• What you have to do: Reproduce, exactly and in full, only the lines below from the one containing "Tesla Model X AWD Schwarz - thumbnail 5" through the one containing "Lobby Chair ES 104.".

=== Task inputs ===

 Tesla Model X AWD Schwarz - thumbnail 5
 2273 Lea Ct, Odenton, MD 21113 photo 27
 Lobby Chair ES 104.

===
=== Task inputs ===

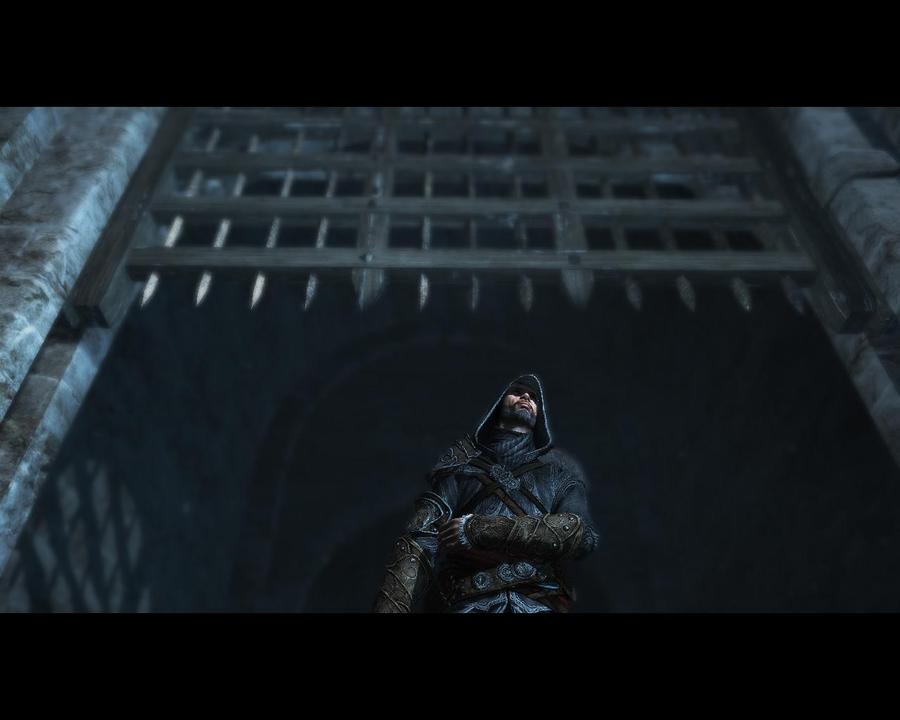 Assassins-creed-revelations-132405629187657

===

• Task answer:
 Tesla Model X AWD Schwarz - thumbnail 5
 2273 Lea Ct, Odenton, MD 21113 photo 27
 Lobby Chair ES 104.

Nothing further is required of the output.